[ 55/73] i387: re-introduce FPU state preloading at context switch time

[Date Prev][Date Next][Thread Prev][Thread Next][Date Index][Thread Index]


3.0-stable review patch.  If anyone has any objections, please let me know.

------------------

From: Linus Torvalds <torvalds@xxxxxxxxxxxxxxxxxxxx>

commit 34ddc81a230b15c0e345b6b253049db731499f7e upstream.

After all the FPU state cleanups and finally finding the problem that
caused all our FPU save/restore problems, this re-introduces the
preloading of FPU state that was removed in commit b3b0870ef3ff ("i387:
do not preload FPU state at task switch time").

However, instead of simply reverting the removal, this reimplements
preloading with several fixes, most notably

 - properly abstracted as a true FPU state switch, rather than as
   open-coded save and restore with various hacks.

   In particular, implementing it as a proper FPU state switch allows us
   to optimize the CR0.TS flag accesses: there is no reason to set the
   TS bit only to then almost immediately clear it again.  CR0 accesses
   are quite slow and expensive, don't flip the bit back and forth for
   no good reason.

 - Make sure that the same model works for both x86-32 and x86-64, so
   that there are no gratuitous differences between the two due to the
   way they save and restore segment state differently due to
   architectural differences that really don't matter to the FPU state.

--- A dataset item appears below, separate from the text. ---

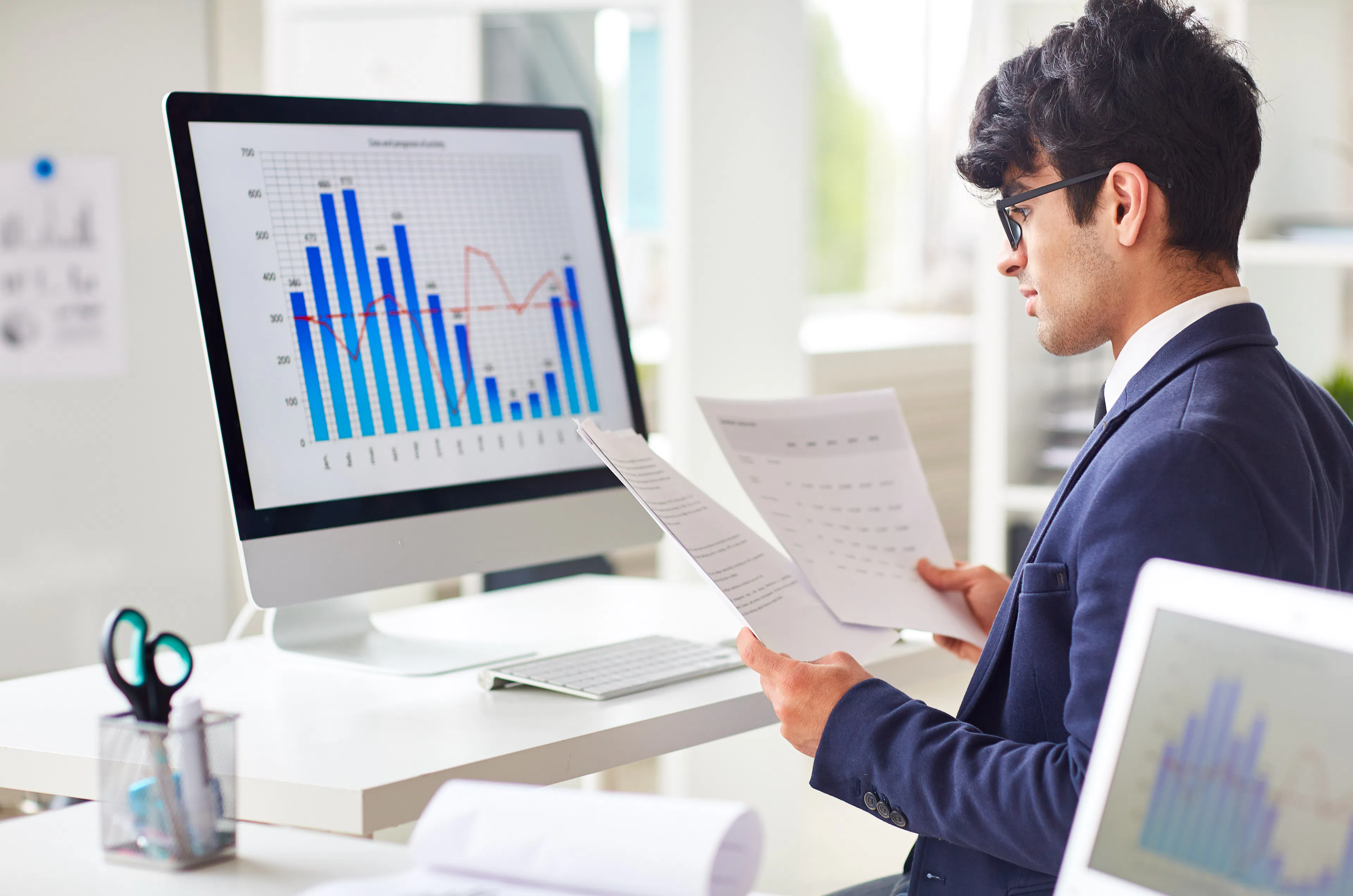 Analysis of Financial Data by Accountants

 - Avoid exposing the "preload" state to the context switch routines,
   and in particular allow the concept of lazy state restore: if nothing
   else has used the FPU in the meantime, and the process is still on
   the same CPU, we can avoid restoring state from memory entirely, just
   re-expose the state that is still in the FPU unit.

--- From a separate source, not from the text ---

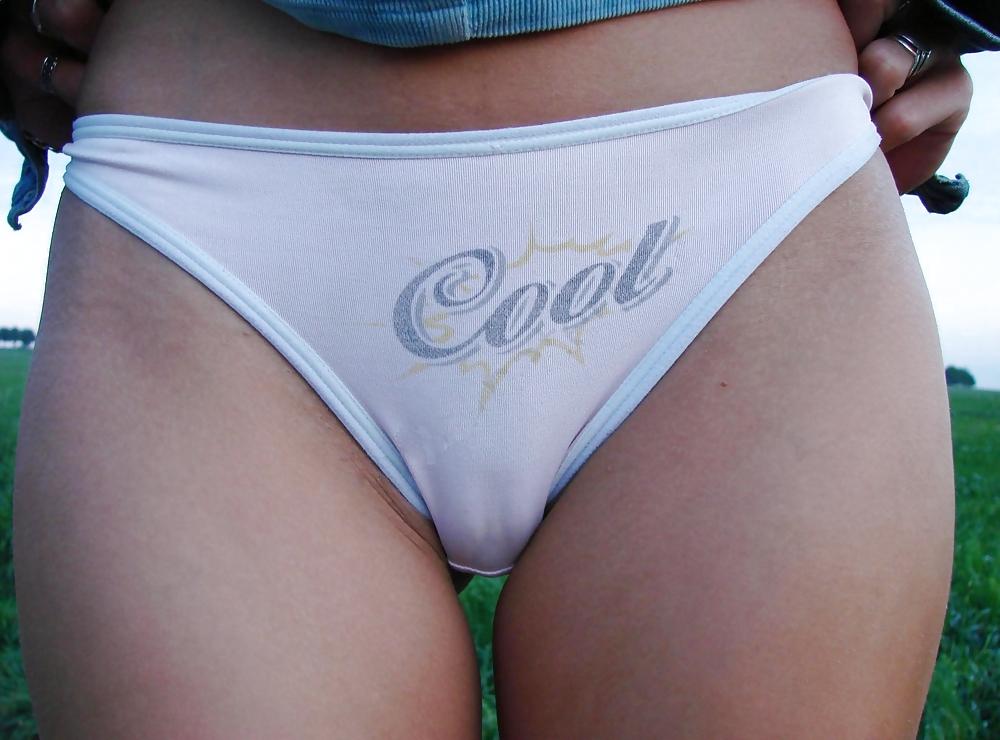 25P Cameltoe's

   That optimized lazy restore isn't actually implemented here, but the
   infrastructure is set up for it.  Of course, older CPU's that use
   'fnsave' to save the state cannot take advantage of this, since the
   state saving also trashes the state.

In other words, there is now an actual _design_ to the FPU state saving,
rather than just random historical baggage.  Hopefully it's easier to
follow as a result.

Signed-off-by: Linus Torvalds <torvalds@xxxxxxxxxxxxxxxxxxxx>
Signed-off-by: Greg Kroah-Hartman <gregkh@xxxxxxxxxxxxxxxxxxx>

---
 arch/x86/include/asm/i387.h  |  110 ++++++++++++++++++++++++++++++++++++-------
 arch/x86/kernel/process_32.c |    5 +
 arch/x86/kernel/process_64.c |    5 +
 arch/x86/kernel/traps.c      |   55 ++++++++++++---------
 4 files changed, 133 insertions(+), 42 deletions(-)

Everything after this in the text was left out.